On Saturday I heard Maria Tatar, who chairs the Department of Folklore and Mythology at Harvard College, give a talk at the Eric Carle Museum She’s author most recently of Enchanted Hunters and edited several Norton Critical Editions of tales from Charles Perrault, the brothers Grimm, Hans Christian Anderson (she’s a fan and made me one), and others. My children’s literature class covers a few hundred years, so we only do a drive-by past fairy tales, but we always look at these. Of course these hefty, heavily footnoted anthologies are intended for adults, so Maria Tatar doesn’t try to brush any of the sex and more often violence under the table. But they’d be a valuable resource for parents or other story-tellers. Maria Tatar noted in her talk that “you can’t grow up just with facts.” She said even incidents in the tales that may seem appalling to us may be made child-friendly by the teller. There’s always the lap, and beyond that, tellers may change their voices, raise their eyebrows, act things out to make them humorous, or even add commentary. The tone and setting may be as important as the tale.

Maria gave us a great, swift, and accessible overview of current definitions of fairy tales, with theories on their background and worth, pointing out elements of magic, myth, metaphors, and the migratory nature of the tales. The alliteration is hers. “These stories pass time and they pass along wisdom, making clear what matters in life.”

She showed slides, focusing on a picture book of Little Red Riding Hood illustrated by Lisbeth Zwerger, whose exhibition at the Carle just ended. When a librarian in the audience asked for suggestions for parents who balk at checking out fairy tales, Maria noted that about 40% of parents today say they won’t read Little Red Riding Hood. She said “children need more than pink princesses and sweet endings,” and pointed out that stories keep children curious and benefit parents, too. They may learn, through the child’s response, about them, their joys, fears, and needs.

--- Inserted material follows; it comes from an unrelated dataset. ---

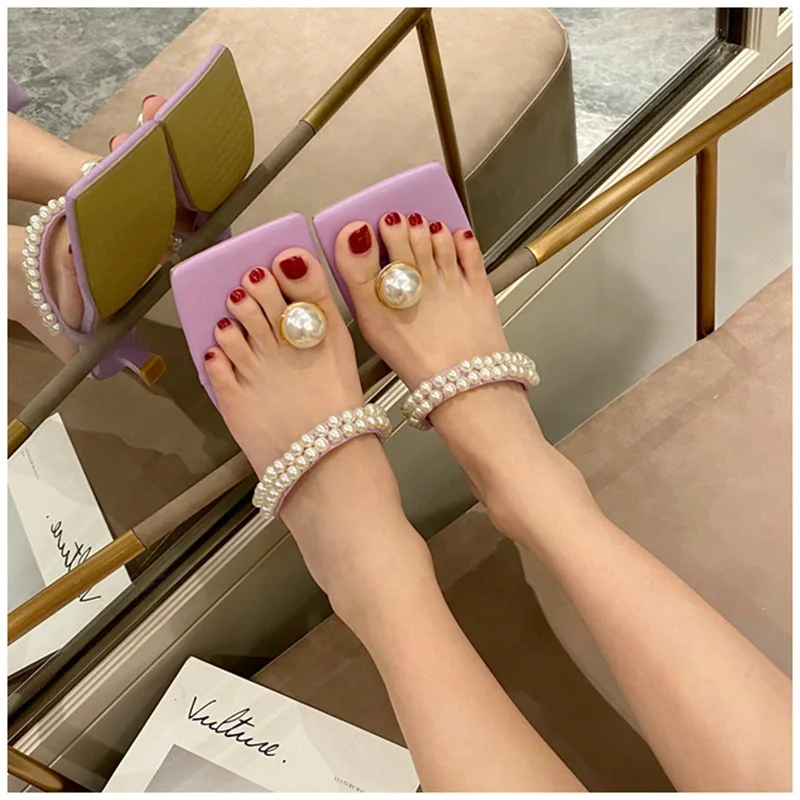 

Brand Women Slippers Fashion String Bead Low Heel Shoes Elegant Ladies Sandals Square Toe Outdoor Slides Party Summer Pumps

On another note, for those feeling Carle museum love, or want to look at some cool illustrations – and maybe even hang one in your home — check out the website where you can make a maximum bid on a piece by favorite illustrators like Jerry Pinckney, Grace Lin, Quentin Blake, Raul Colon, of course Eric Carle and about a dozen others. Click on the link below for a look. All proceeds benefit the museum, and bids will be accepted until noon on Thursday, Sept. 30.



  1. I bet the talk was marvelous. I’d love to visit that museum.
    (Here in Frankfurt is the Struwwelpeter museum, for Germany’s most famous and influential picture book–tons of influence on all the development of PBs.)

  2. I hope you get to the Carle one of these days, but the Struwelpeter sounds wonderful, too!
    Good luck with your queries going out!

  3. Once Upon a Time
    Hi Jeannine ~ Sorry I missed her. One of my early ms is an original fairy tale I wrote in grad school, and with Maggie’s illustrations, submitted as a final project to a reading k-8 course. I’ve been revising it ever since and am determined to find a home for it!

  4. Maria Tatar *and* Lisbeth Zwergers art?!
    I expect you can hear my huge sigh of regret all the way across the Atlantic.

  5. Re: Once Upon a Time
    It was a really engaging talk. And as always I love your determination!

  6. Oh, Amy, I do hear your sigh. I’ve long admired Maria Tatar’s work on the page, and hearing her speak with such passion and intelligence in person was truly something to behold. Is Sweatpea a Lisbeth Zwerger fan?